Try it: From the line holding "A18/1 Great Hall Drive, Nobby Beach QLD 4218" through the line holding "Check out how" below, write out every line exactly; include both of those lines and drop the pictures.

Input for this task:
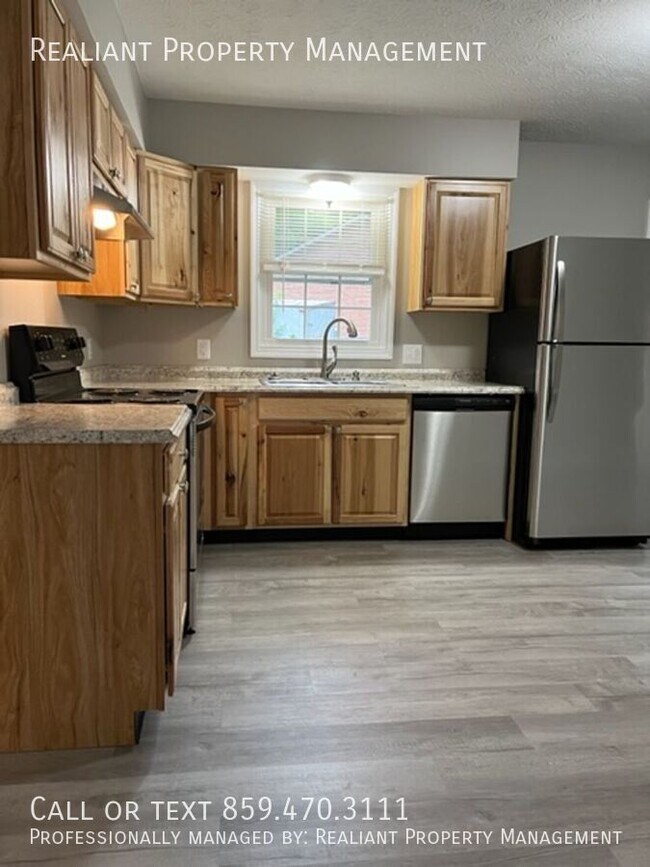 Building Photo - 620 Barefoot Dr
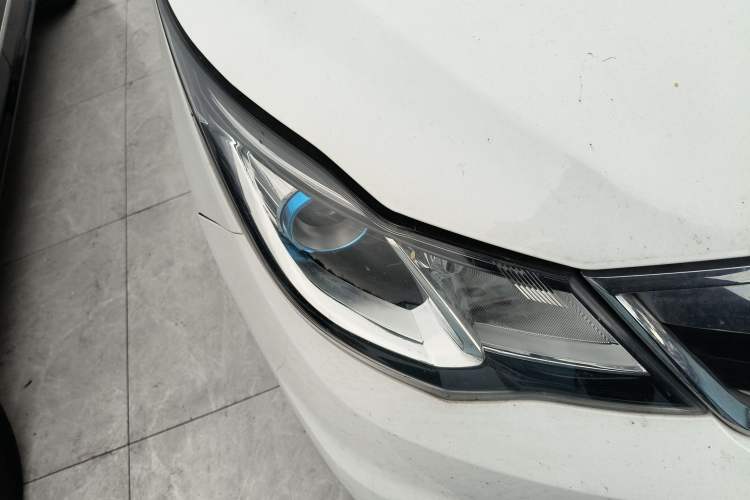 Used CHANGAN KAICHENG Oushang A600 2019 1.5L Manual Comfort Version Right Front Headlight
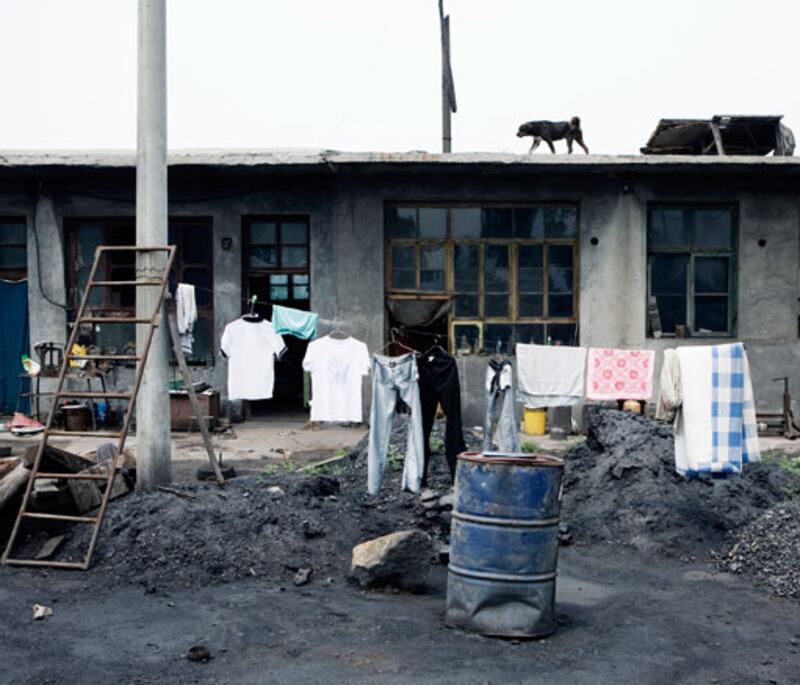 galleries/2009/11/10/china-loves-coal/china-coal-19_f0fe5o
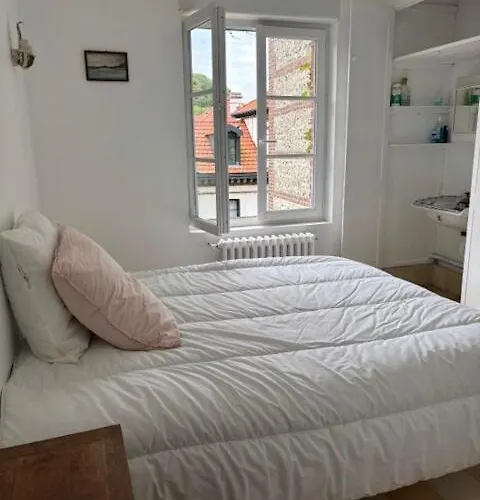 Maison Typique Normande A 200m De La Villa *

---

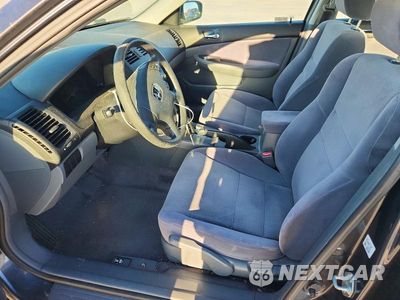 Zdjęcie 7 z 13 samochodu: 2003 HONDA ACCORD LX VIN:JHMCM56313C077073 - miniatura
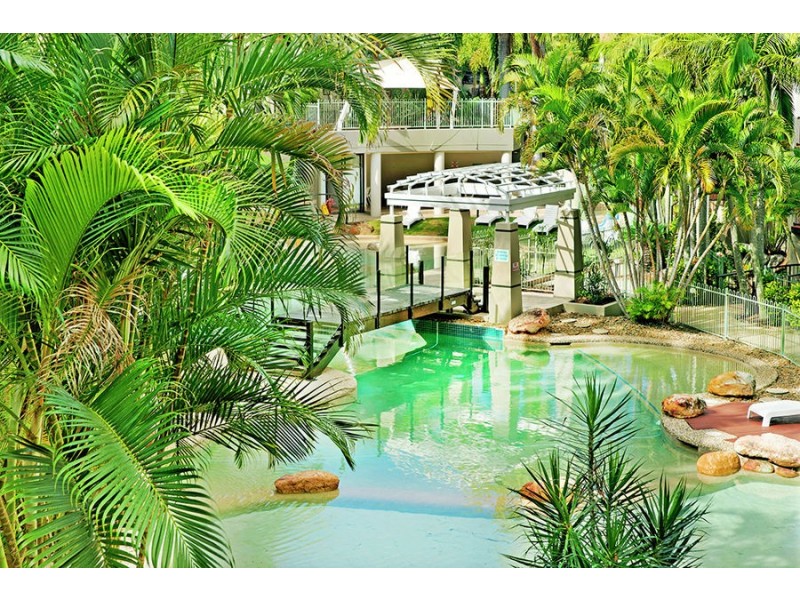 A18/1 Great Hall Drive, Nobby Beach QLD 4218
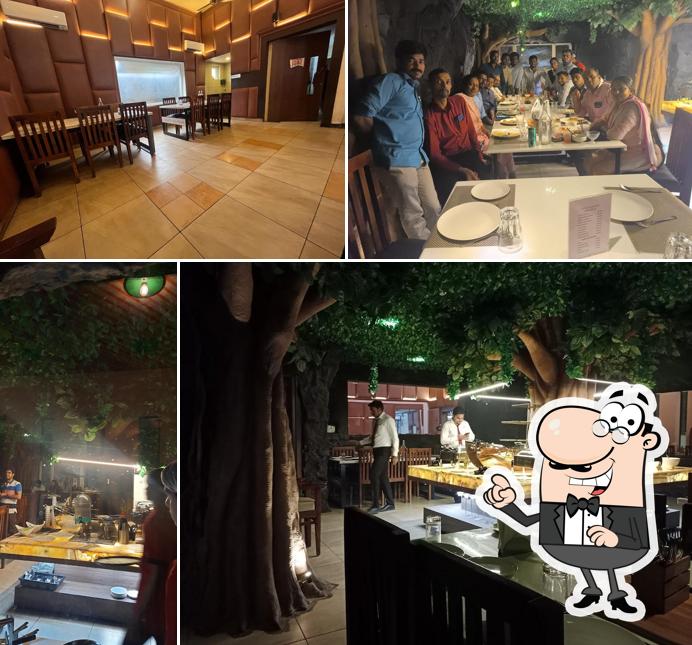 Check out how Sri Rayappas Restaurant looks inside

Solution to the exercise:
 A18/1 Great Hall Drive, Nobby Beach QLD 4218
 Check out how Sri Rayappas Restaurant looks inside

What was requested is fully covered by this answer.